The CXO, as defined by one tech media company, “is charged with leveraging best practices in design and user experience to gain market share.” Yes, but customer experience is so much more than a customer’s digital experience, or UX; it’s the holistic customer experience. A more general (and accurate) definition on Wikipedia states that the CXO is “responsible for the overall experience of an organization’s products and services.”
The notion of a CXO was first floated a little over 10 years ago as one of those unique, unconventional titles some big brands were seemingly making up to sound fresh and modern. Other titles like “Director of First Impressions” and “Chief Amazement Officer” were others that gradually joined the list of creative job titles.
But in a world where experience is everything, is the idea of a CXO still unconventional?
Brands that deliver great experiences have higher ratings, bring in more revenue and build brand loyalty.
Prioritizing experience just makes business sense.
Today’s experience chief brings internal departments—marketing, communications, digital/development and sales—together under one unified mission to deliver great experiences to the brand’s customers. In collaboration with the CEO and other leaders, the CXO helps determine new products or services (or enhancements to existing ones) that will elevate the customer experience.

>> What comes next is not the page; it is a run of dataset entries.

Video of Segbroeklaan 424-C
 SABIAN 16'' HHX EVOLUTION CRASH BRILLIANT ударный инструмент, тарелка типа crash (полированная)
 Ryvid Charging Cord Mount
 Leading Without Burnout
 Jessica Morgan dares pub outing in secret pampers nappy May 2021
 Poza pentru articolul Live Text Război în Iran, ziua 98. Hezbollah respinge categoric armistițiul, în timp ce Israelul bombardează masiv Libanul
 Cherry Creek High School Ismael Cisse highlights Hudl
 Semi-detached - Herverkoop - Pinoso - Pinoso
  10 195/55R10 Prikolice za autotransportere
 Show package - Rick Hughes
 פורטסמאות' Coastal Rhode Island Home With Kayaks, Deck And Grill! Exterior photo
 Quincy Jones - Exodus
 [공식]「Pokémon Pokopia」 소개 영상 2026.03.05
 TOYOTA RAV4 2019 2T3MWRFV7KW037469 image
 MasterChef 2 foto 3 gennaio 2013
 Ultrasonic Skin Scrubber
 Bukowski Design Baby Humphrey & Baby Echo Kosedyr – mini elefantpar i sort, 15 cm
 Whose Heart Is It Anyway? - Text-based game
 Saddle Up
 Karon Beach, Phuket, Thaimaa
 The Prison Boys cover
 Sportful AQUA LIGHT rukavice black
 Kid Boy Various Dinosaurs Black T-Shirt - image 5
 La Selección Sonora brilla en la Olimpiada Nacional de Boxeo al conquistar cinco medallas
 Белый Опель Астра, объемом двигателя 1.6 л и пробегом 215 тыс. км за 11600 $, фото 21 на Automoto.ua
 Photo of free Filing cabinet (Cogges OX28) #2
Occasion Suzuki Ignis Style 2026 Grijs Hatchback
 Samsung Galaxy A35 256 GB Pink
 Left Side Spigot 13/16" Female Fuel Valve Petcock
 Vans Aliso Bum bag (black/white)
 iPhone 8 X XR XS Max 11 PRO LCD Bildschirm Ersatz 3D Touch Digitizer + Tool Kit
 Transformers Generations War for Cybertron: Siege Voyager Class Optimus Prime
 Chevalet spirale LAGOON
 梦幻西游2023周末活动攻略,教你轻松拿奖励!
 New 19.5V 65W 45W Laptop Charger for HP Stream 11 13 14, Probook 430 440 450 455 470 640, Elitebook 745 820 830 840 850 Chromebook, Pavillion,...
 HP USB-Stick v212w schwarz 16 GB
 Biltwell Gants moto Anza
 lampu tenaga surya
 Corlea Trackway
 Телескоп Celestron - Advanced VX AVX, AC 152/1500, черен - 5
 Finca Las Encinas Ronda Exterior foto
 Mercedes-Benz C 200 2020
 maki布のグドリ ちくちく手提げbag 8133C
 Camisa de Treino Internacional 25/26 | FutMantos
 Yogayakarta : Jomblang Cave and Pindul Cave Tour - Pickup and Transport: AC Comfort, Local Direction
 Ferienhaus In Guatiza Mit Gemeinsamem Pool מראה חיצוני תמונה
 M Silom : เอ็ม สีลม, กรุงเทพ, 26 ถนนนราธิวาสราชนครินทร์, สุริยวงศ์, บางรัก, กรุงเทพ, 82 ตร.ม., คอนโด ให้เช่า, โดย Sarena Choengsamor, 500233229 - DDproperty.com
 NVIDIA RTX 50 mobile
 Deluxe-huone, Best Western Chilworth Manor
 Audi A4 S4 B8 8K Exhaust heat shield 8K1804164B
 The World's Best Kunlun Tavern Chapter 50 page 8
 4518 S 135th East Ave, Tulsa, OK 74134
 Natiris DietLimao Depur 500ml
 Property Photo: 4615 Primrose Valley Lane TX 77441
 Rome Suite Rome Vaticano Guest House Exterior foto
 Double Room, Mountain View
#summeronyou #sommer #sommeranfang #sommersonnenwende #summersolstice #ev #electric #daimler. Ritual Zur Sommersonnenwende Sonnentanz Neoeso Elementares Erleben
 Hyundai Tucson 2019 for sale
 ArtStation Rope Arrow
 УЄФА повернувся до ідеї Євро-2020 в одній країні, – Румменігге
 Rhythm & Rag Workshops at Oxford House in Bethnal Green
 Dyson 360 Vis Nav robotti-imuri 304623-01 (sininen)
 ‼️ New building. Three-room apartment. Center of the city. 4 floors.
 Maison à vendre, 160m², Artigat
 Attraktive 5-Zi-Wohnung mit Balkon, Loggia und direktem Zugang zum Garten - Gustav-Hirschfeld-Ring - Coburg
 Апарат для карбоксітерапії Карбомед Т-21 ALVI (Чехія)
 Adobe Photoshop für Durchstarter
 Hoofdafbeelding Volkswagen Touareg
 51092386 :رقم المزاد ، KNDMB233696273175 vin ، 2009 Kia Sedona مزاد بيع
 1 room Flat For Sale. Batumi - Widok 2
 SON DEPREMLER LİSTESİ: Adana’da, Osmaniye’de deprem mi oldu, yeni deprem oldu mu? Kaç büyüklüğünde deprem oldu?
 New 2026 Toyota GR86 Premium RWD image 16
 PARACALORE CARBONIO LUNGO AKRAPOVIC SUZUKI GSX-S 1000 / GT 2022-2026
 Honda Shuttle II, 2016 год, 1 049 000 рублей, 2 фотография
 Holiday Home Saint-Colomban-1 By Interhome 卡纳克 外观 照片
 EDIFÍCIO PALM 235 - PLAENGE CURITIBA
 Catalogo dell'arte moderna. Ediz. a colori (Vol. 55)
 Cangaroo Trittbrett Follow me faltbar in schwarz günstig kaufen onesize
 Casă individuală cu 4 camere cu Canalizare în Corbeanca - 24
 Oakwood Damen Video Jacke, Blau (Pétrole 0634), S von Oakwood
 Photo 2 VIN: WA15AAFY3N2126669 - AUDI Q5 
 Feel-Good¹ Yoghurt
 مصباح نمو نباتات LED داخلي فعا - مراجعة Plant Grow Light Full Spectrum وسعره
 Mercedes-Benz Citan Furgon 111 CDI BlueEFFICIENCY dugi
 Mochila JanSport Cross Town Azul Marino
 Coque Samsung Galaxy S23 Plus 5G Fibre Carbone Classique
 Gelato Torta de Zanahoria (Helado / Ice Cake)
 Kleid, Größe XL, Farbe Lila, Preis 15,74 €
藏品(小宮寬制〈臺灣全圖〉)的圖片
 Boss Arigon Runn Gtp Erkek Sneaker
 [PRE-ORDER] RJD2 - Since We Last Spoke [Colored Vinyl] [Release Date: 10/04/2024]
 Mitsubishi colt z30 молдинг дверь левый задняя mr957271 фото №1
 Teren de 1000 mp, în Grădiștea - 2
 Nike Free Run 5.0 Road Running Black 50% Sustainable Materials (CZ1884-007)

Because most companies don’t have a dedicated CXO, though, a brand’s experience needs to be continuously managed, analyzed and optimized by the organization’s leaders.
Without your own CXO, what might that look like?
- Create an Experience Team. Just because you don’t have a CXO doesn’t mean you can’t enhance your brand’s customer experience. Gather the internal team members that have a key role in the development and deployment of your company’s products or services; that may be your CEO, CMO, digital lead and sales director.
- Explore the Customer Journey. Drill down into each potential customer interaction, both online and off. Customer journey mapping is a great way to understand all of the touchpoints your customers experience, those “moments between moments” that make a significant impact—both the obvious and unexpected. Is your website user-friendly? Do your employees understand the tenets of instinctual service? Doing this exercise as an “experience team” will help you see the entire picture from many points of view.
- Think “Experience First.” Remember when everyone started talking “mobile first”? Adjust that thinking to experience, and make sure experience is at the very top. Everything you do should be from an “experience is everything” mentality. If your current brand experience is lacking, make adjustments to it until it passes the test. Before you launch new products and services, review your customer journey map to make sure that your customers will receive a top-rate experience every step of the way.
Whether your team has a CXO or an ad-hoc experience team, it’s critical to get your leadership singing from the same “experience is everything” song sheet. With experience as the driving force behind brand loyalty, prioritizing experience can help elevate your brand into an industry leader.